- Opening Delimiter -

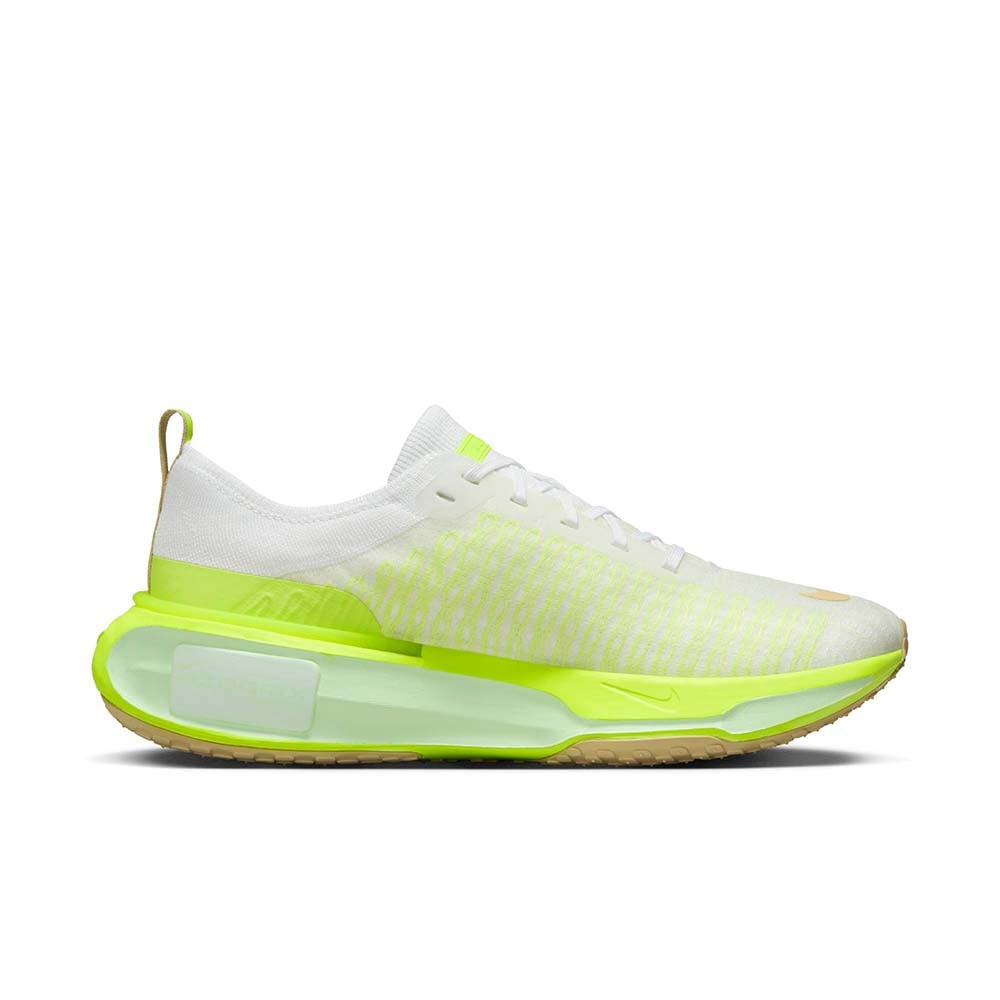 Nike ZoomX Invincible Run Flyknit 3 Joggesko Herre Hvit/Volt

- Closing Delimiter -
- Opening Delimiter -

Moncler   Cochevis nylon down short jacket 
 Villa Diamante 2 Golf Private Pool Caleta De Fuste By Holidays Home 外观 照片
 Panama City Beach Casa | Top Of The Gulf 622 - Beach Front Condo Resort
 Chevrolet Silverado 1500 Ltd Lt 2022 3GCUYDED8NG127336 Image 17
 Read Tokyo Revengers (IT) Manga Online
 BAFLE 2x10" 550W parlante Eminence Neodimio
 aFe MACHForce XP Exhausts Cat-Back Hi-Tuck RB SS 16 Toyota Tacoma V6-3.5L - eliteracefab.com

- Closing Delimiter -

All lines in the listing above between the line with "down short jacket" and the line with "aFe MACHForce XP", inclusive, should be set down exactly, and no line outside that range.

# [Written answer]
Moncler   Cochevis nylon down short jacket 
 Villa Diamante 2 Golf Private Pool Caleta De Fuste By Holidays Home 外观 照片
 Panama City Beach Casa | Top Of The Gulf 622 - Beach Front Condo Resort
 Chevrolet Silverado 1500 Ltd Lt 2022 3GCUYDED8NG127336 Image 17
 Read Tokyo Revengers (IT) Manga Online
 BAFLE 2x10" 550W parlante Eminence Neodimio
 aFe MACHForce XP Exhausts Cat-Back Hi-Tuck RB SS 16 Toyota Tacoma V6-3.5L - eliteracefab.com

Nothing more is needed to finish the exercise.